Dalam situasi ini, APBN tidak hanya menjadi instrumen belanja negara, tetapi berfungsi sebagai alat utama untuk menjaga kesinambungan pertumbuhan ekonomi, melindungi daya beli masyarakat, serta menjamin kelangsungan pelayanan publik di berbagai sektor. Oleh karena itu, tanggung jawab Kementerian Keuangan menjadi sangat sentral dan strategis.

Sebagai otoritas fiskal, Kementerian Keuangan bukan sekadar lembaga teknis, melainkan pengendali utama dalam menyusun kerangka kebijakan ekonomi makro dan arah fiskal nasional. Fungsi-fungsi seperti optimalisasi penerimaan negara melalui perpajakan, pengelolaan belanja yang efisien, serta pembiayaan defisit secara hati-hati, kini menuntut keahlian dan integritas yang jauh lebih tinggi.

Dalam menjalankan fungsinya, Kemenkeu dituntut untuk mampu menavigasi berbagai risiko fiskal yang muncul dari ketidakpastian global, termasuk potensi gejolak harga energi dan pangan, kenaikan suku bunga global, serta perlambatan ekonomi mitra dagang utama. Kebijakan fiskal tidak bisa lagi semata-mata reaktif, tetapi harus antisipatif dan adaptif terhadap skenario-skenario ekstrem yang bisa terjadi sewaktu-waktu.

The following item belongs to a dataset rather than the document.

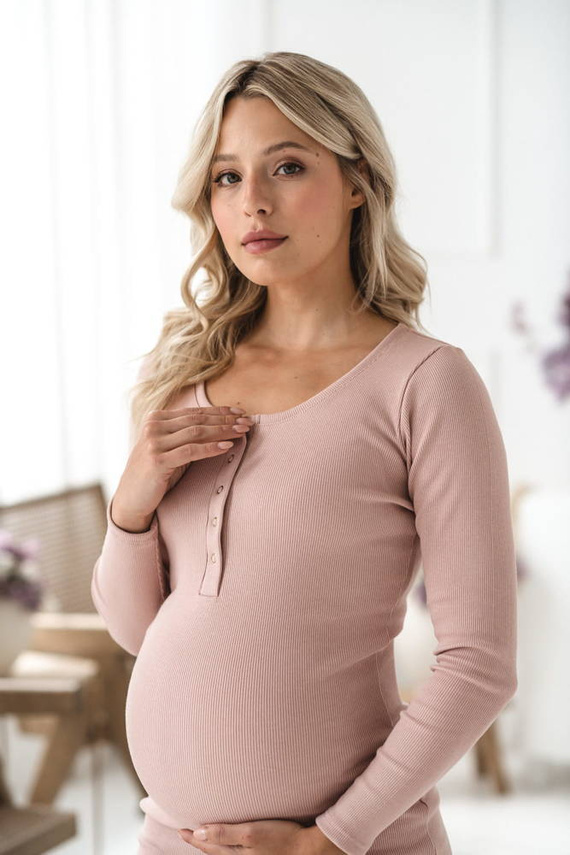 Sukienka ciążowa i do karmienia z dzianiny w prążek Tummy Milk&Love pudrowy róż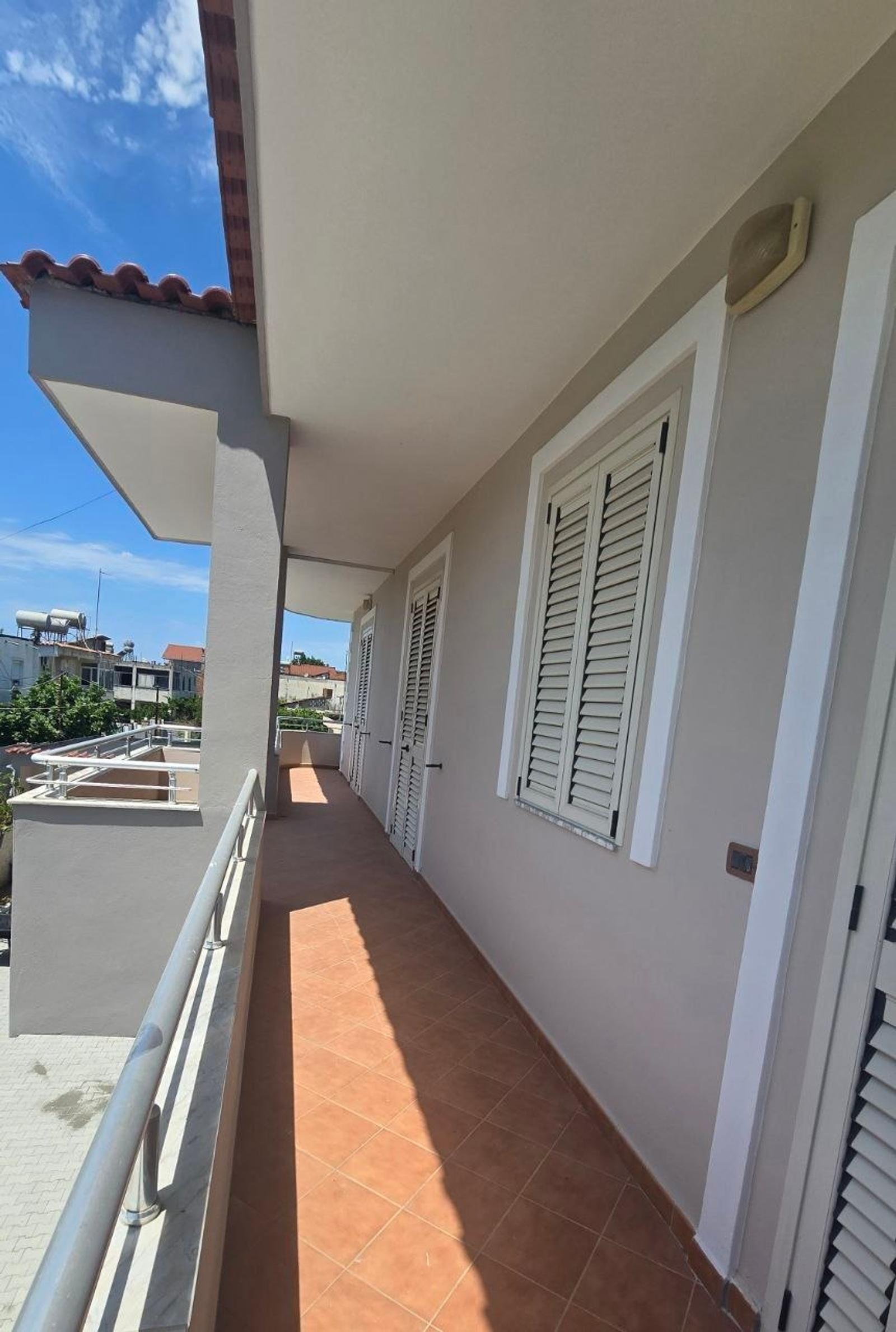 Villa zum Kauf in Plazh, Durrës, 390 m² — Foto 2 von 19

Penting pula dicatat bahwa APBN kini memikul tugas yang lebih berat seiring dengan agenda pembangunan nasional yang semakin ambisius. Komitmen terhadap pemerataan ekonomi, transformasi digital, transisi energi bersih, hingga pembenahan sistem pendidikan dan kesehatan, menuntut pembiayaan yang tidak hanya besar, tetapi juga tepat sasaran dan berdampak jangka panjang.

Di balik angka-angka makro dan jargon kebijakan, APBN sejatinya menyentuh sendi-sendi kehidupan masyarakat: dari pupuk subsidi bagi petani, beasiswa bagi pelajar kurang mampu, hingga dana desa yang menopang pembangunan di pelosok negeri. Maka, akuntabilitas dalam pengelolaan fiskal tidak bisa dinegosiasikan.

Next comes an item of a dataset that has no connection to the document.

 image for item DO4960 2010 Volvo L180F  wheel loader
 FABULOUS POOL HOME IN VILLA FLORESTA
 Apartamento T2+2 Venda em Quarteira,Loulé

Kementerian Keuangan, dalam konteks ini, tidak cukup hanya menjaga disiplin anggaran. Ia juga harus menjadi institusi yang mampu membaca zaman, mendengar suara publik, dan menjembatani kepentingan negara dalam kerangka pembangunan yang inklusif dan berkelanjutan. Pejabat-pejabatnya bukan hanya administrator, tetapi juga negarawan teknokrat yang harus menjaga marwah keuangan negara sekaligus menyeimbangkan aspirasi sosial-ekonomi masyarakat.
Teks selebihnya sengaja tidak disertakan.